John: Right, yeah, I agree. And it's like, just as you were saying that, I was just thinking about it. It's like, it's almost like, I was trying to think of the exact analogy here, but it's like the masculine mindset, what a lot of guys are thinking about this, ignoring the feminine, is almost as if you had, let's say you had a movie, right? And you're like, "Well, let's just convey the information that we're trying to convey in the movie. There's no art, or like a website that has no design. It's like, this website is functional. It just needs to be functional." And he's like, "Why am I going to pay to have a design? That's stupid. It does what it's supposed to do. All this other stuff isn't worth any money." It's like, no, the design is important, art. It's the art, right? It's like, you can't place a... It's the wrong thinking system when you just exclude that and you say there's no value in things that are not... But that's why the two go together too, right? Like, men are the more like, you know, information, they're like the logicalness, and women are the emotional, the art, like you said. It makes a movie. You have the words in the script, but if you just had that with no props, no costumes, nothing, that would just be a bunch of words.
Nicole: Right, exactly. It would just be an essay. But when you add this element in, it creates this whole different experience. And so, people should look at it that way. Yeah, men are like the script, and women are like the other parts that make a play or a movie the beautiful thing that it is. You're beautiful together. You can't just think the functional.

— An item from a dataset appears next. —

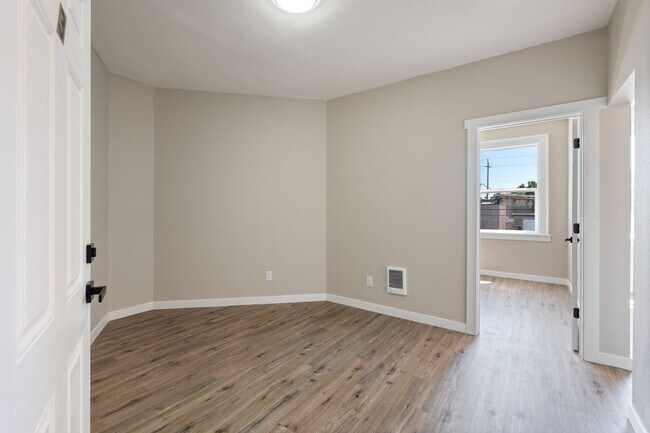 7325 NE Sandy Blvd in Portland, OR - Building Photo - Building Photo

John: Alright, so it's the segment of the week. Really, there's keep on coming up dry, but that's a good thing, right? So, I mean, I think that we did really figure out a lot of the things that, you know, I mean, we are already, you know, maybe the thing is, is that one of your buttons is unbuttoned, and I've been staring at it.
Nicole: Jeez, you could have told me that at the end of the... Or not. Yeah, you should tell me that. That's my bad. I mean, if it's like, we were so deep in the conversation, I couldn't just be like, "Yeah, do this," and also, "Your button's unbuttoned." But, uh, yeah, I mean, no, there was a little bit of a discussion last night about me being on my phone when we were out. Like, I was quiet and stuff. I had a hard...
John: It's not like you were totally silent, but you seemed a bit off. My brain clicked over because I was surprised. I didn't expect you to feel that way at all. I wasn't even thinking that way. But then my brain clicked over again, and I realized it doesn't matter why she feels this way; she feels this way. And I was like, "Oh yeah, John, oh yeah, better than perfect podcast, John, gotcha." So you're just going to listen and just... yeah. But it doesn't matter. You know, the man brain wants to defend, but why? It doesn't matter. This isn't what I was trying to do.
John: It only matters what you feel, and that's all that you care about. I think about it too. It's like, which is better? If you're offended, whether you're male or female, for someone to explain to you why they did the thing and that they didn't intend to do the thing. In one way, you feel better because it's like, "Oh, they didn't intentionally do this." You thought that they did this maliciously or whatever, or inconsiderately, and it was just a misunderstanding. So which is better? To explain that or for them to just say, "Oh wow, I'm sorry that you feel like that," or to empathize with you and say, "Yeah, I'll never do that again," not to explain why they did it or what they were trying to do. But that's so much of a better answer, right?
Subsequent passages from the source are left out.